■ **Dataset**
• • • • • • •

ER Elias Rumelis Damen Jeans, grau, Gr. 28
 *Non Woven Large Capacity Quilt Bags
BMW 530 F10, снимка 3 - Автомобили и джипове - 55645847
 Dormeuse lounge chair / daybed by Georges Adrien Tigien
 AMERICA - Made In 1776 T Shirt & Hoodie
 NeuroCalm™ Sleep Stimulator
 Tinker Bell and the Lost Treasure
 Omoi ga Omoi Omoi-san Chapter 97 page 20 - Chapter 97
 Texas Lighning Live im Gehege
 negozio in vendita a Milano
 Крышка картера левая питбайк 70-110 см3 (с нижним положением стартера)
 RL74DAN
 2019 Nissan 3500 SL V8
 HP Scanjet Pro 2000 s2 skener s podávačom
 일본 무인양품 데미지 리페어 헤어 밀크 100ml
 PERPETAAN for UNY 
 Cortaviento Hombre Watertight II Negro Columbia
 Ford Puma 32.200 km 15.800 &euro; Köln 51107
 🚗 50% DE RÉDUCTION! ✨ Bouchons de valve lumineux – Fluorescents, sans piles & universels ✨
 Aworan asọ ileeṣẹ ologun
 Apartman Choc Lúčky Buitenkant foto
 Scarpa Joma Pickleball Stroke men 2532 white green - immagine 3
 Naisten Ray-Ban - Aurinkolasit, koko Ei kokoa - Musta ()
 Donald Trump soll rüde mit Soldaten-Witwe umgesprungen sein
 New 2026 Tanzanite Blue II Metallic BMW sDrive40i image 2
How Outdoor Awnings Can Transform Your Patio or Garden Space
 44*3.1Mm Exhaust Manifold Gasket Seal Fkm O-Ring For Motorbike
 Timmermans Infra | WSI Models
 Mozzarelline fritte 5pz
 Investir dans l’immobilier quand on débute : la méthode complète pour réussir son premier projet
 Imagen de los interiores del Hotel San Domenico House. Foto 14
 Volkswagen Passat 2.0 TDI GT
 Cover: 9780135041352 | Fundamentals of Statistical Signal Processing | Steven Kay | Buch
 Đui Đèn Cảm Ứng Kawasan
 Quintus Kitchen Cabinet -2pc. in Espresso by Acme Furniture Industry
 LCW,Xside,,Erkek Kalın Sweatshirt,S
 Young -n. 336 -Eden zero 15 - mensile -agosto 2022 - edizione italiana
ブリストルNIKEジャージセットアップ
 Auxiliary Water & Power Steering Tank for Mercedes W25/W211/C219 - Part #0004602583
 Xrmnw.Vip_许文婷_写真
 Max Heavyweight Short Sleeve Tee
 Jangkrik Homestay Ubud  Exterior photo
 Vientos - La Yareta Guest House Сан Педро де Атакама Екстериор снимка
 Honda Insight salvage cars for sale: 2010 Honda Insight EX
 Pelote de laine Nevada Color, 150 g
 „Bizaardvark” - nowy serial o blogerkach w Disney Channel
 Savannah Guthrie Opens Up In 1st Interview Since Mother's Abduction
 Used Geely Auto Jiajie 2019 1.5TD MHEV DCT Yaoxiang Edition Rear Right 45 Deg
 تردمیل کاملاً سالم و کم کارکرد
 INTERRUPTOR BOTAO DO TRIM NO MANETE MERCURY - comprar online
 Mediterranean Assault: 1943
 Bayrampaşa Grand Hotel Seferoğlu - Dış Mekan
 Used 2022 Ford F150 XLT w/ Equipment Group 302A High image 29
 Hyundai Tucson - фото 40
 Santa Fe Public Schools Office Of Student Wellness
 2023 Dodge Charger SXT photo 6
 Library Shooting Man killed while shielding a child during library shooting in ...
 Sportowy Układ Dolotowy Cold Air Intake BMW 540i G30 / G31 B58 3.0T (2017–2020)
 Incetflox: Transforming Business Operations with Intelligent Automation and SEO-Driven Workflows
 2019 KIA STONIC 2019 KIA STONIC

• • • • • • •

■ **Task prompt**
Each entry above is to be transcribed word for word.

■ **Output of the exercise**
ER Elias Rumelis Damen Jeans, grau, Gr. 28
 *Non Woven Large Capacity Quilt Bags
BMW 530 F10, снимка 3 - Автомобили и джипове - 55645847
 Dormeuse lounge chair / daybed by Georges Adrien Tigien
 AMERICA - Made In 1776 T Shirt & Hoodie
 NeuroCalm™ Sleep Stimulator
 Tinker Bell and the Lost Treasure
 Omoi ga Omoi Omoi-san Chapter 97 page 20 - Chapter 97
 Texas Lighning Live im Gehege
 negozio in vendita a Milano
 Крышка картера левая питбайк 70-110 см3 (с нижним положением стартера)
 RL74DAN
 2019 Nissan 3500 SL V8
 HP Scanjet Pro 2000 s2 skener s podávačom
 일본 무인양품 데미지 리페어 헤어 밀크 100ml
 PERPETAAN for UNY 
 Cortaviento Hombre Watertight II Negro Columbia
 Ford Puma 32.200 km 15.800 &euro; Köln 51107
 🚗 50% DE RÉDUCTION! ✨ Bouchons de valve lumineux – Fluorescents, sans piles & universels ✨
 Aworan asọ ileeṣẹ ologun
 Apartman Choc Lúčky Buitenkant foto
 Scarpa Joma Pickleball Stroke men 2532 white green - immagine 3
 Naisten Ray-Ban - Aurinkolasit, koko Ei kokoa - Musta ()
 Donald Trump soll rüde mit Soldaten-Witwe umgesprungen sein
 New 2026 Tanzanite Blue II Metallic BMW sDrive40i image 2
How Outdoor Awnings Can Transform Your Patio or Garden Space
 44*3.1Mm Exhaust Manifold Gasket Seal Fkm O-Ring For Motorbike
 Timmermans Infra | WSI Models
 Mozzarelline fritte 5pz
 Investir dans l’immobilier quand on débute : la méthode complète pour réussir son premier projet
 Imagen de los interiores del Hotel San Domenico House. Foto 14
 Volkswagen Passat 2.0 TDI GT
 Cover: 9780135041352 | Fundamentals of Statistical Signal Processing | Steven Kay | Buch
 Đui Đèn Cảm Ứng Kawasan
 Quintus Kitchen Cabinet -2pc. in Espresso by Acme Furniture Industry
 LCW,Xside,,Erkek Kalın Sweatshirt,S
 Young -n. 336 -Eden zero 15 - mensile -agosto 2022 - edizione italiana
ブリストルNIKEジャージセットアップ
 Auxiliary Water & Power Steering Tank for Mercedes W25/W211/C219 - Part #0004602583
 Xrmnw.Vip_许文婷_写真
 Max Heavyweight Short Sleeve Tee
 Jangkrik Homestay Ubud  Exterior photo
 Vientos - La Yareta Guest House Сан Педро де Атакама Екстериор снимка
 Honda Insight salvage cars for sale: 2010 Honda Insight EX
 Pelote de laine Nevada Color, 150 g
 „Bizaardvark” - nowy serial o blogerkach w Disney Channel
 Savannah Guthrie Opens Up In 1st Interview Since Mother's Abduction
 Used Geely Auto Jiajie 2019 1.5TD MHEV DCT Yaoxiang Edition Rear Right 45 Deg
 تردمیل کاملاً سالم و کم کارکرد
 INTERRUPTOR BOTAO DO TRIM NO MANETE MERCURY - comprar online
 Mediterranean Assault: 1943
 Bayrampaşa Grand Hotel Seferoğlu - Dış Mekan
 Used 2022 Ford F150 XLT w/ Equipment Group 302A High image 29
 Hyundai Tucson - фото 40
 Santa Fe Public Schools Office Of Student Wellness
 2023 Dodge Charger SXT photo 6
 Library Shooting Man killed while shielding a child during library shooting in ...
 Sportowy Układ Dolotowy Cold Air Intake BMW 540i G30 / G31 B58 3.0T (2017–2020)
 Incetflox: Transforming Business Operations with Intelligent Automation and SEO-Driven Workflows
 2019 KIA STONIC 2019 KIA STONIC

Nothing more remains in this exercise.